Task brief | Find the line below with "Lactation Tea - Mothers" and the line with "JS Collections Tessa". Output exactly those lines and everything between them, leaving out the pictures.

Available data |

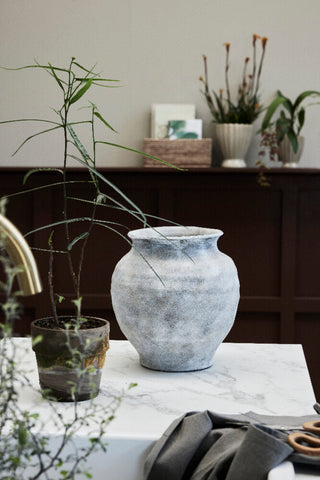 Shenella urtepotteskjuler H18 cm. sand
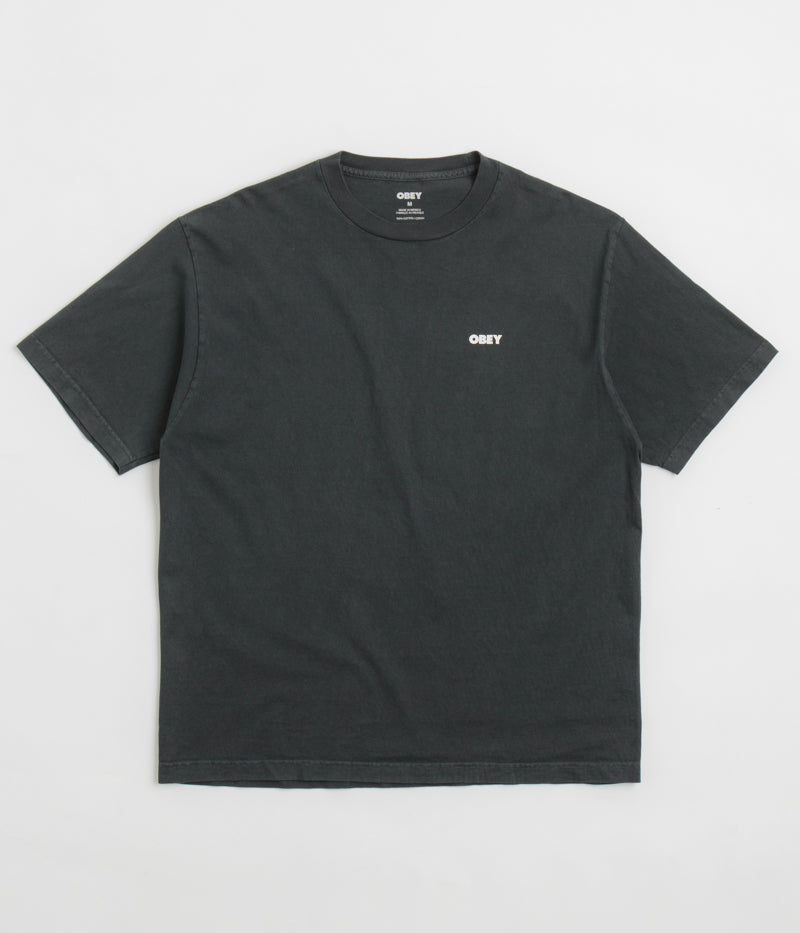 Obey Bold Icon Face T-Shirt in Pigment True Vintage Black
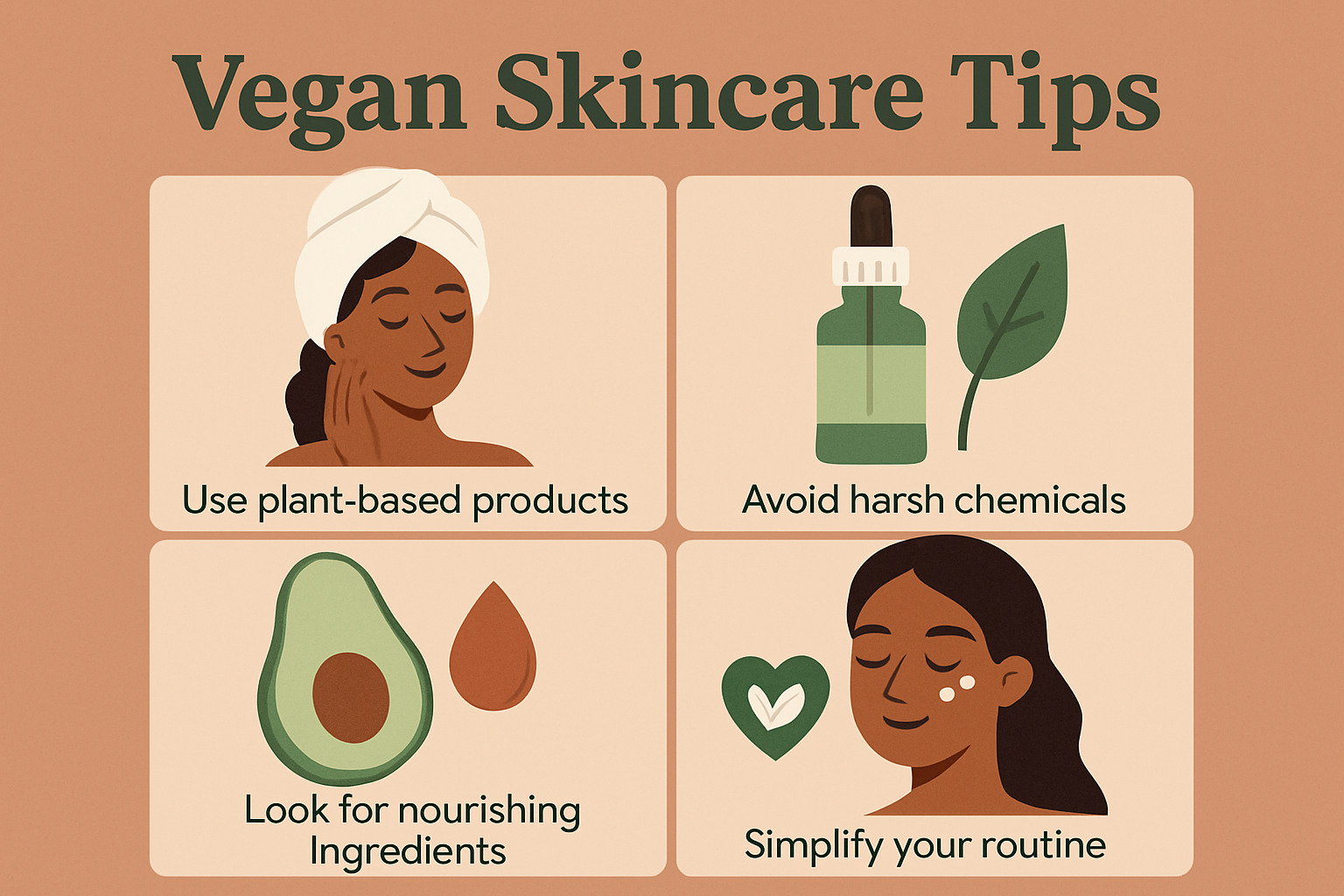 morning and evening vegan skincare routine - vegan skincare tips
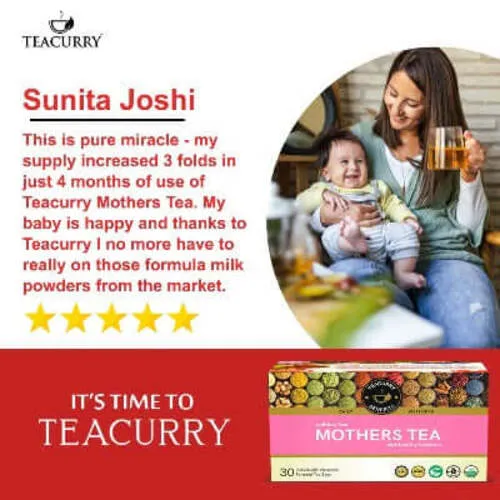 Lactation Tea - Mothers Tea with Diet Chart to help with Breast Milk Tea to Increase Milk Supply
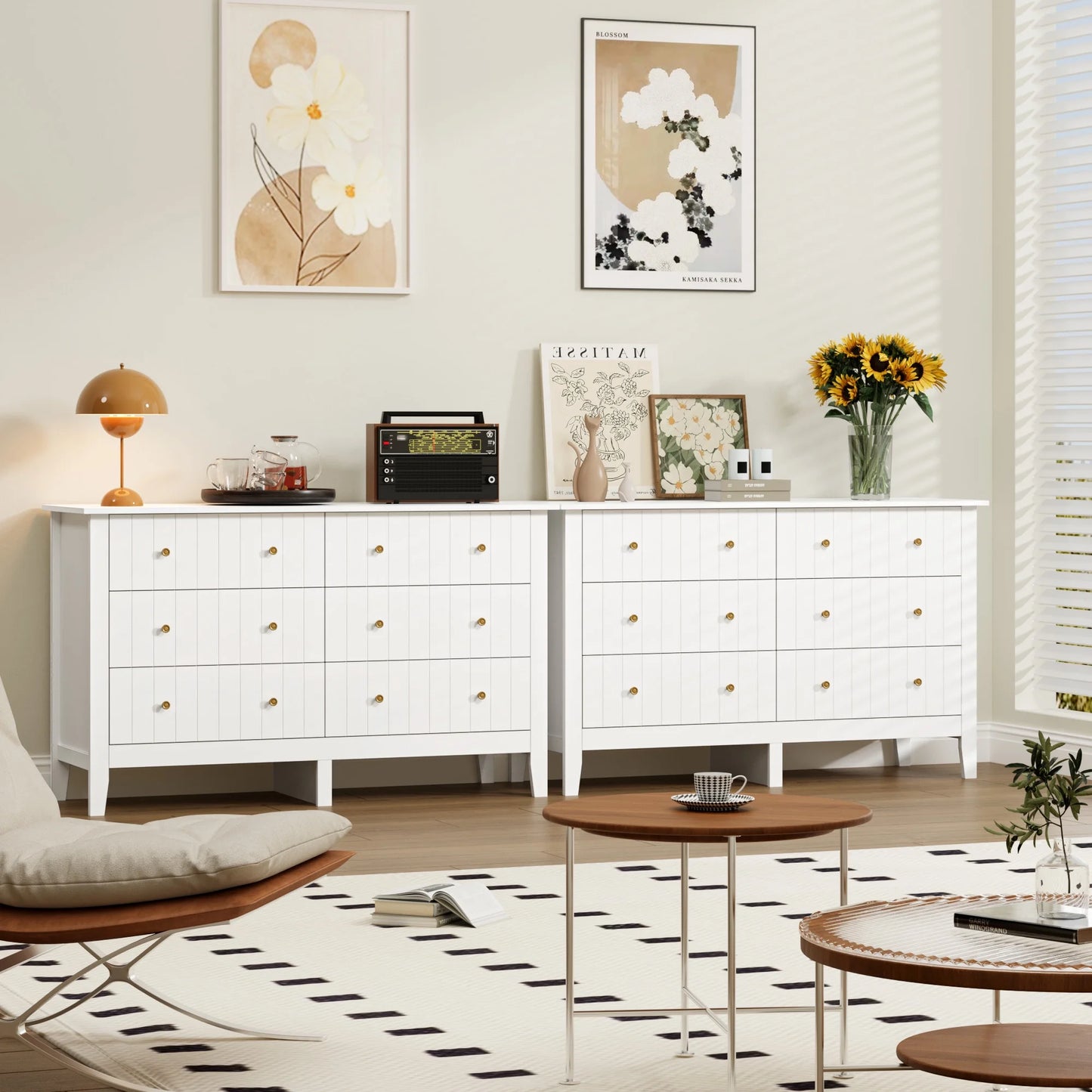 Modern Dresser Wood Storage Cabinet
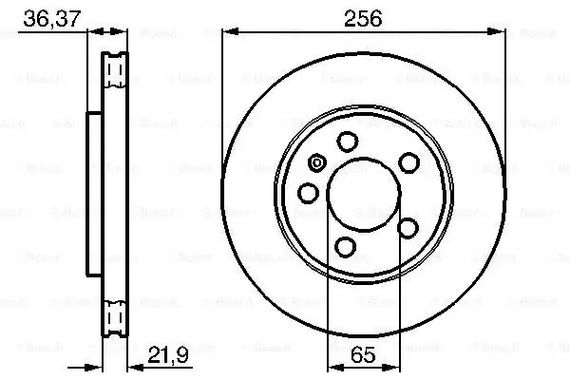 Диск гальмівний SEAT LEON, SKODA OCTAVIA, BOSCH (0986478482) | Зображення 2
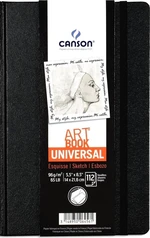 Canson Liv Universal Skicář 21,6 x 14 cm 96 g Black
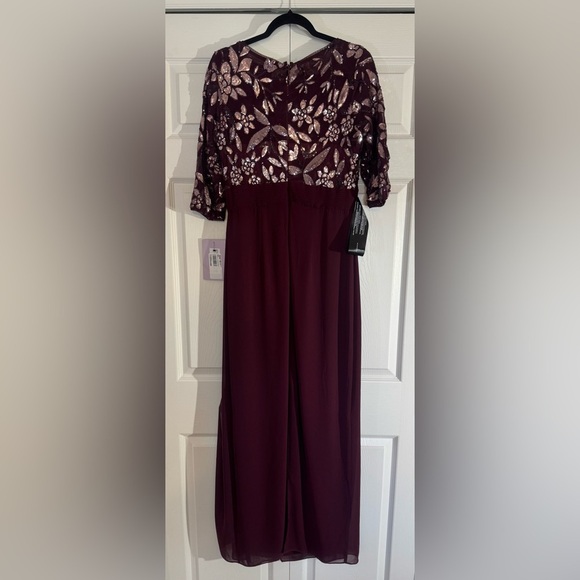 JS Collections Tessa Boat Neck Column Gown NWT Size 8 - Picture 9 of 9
* * *
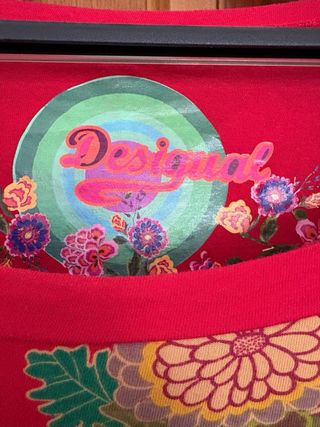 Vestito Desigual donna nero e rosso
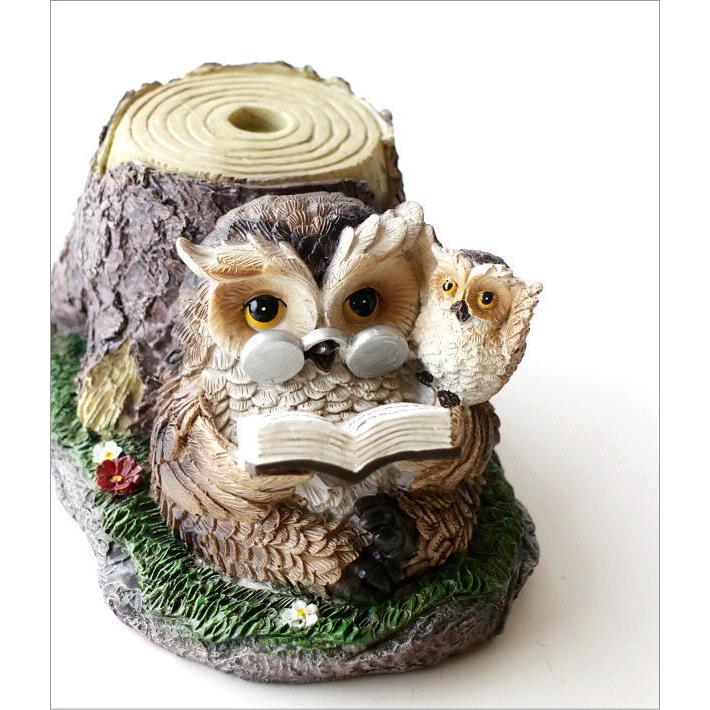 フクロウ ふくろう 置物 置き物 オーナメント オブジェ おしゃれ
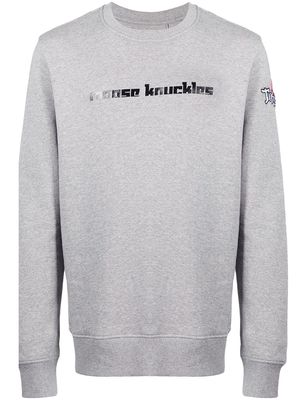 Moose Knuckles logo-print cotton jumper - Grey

Solution to the problem |
 Lactation Tea - Mothers Tea with Diet Chart to help with Breast Milk Tea to Increase Milk Supply
 Modern Dresser Wood Storage Cabinet
 Диск гальмівний SEAT LEON, SKODA OCTAVIA, BOSCH (0986478482) | Зображення 2
 Canson Liv Universal Skicář 21,6 x 14 cm 96 g Black
 JS Collections Tessa Boat Neck Column Gown NWT Size 8 - Picture 9 of 9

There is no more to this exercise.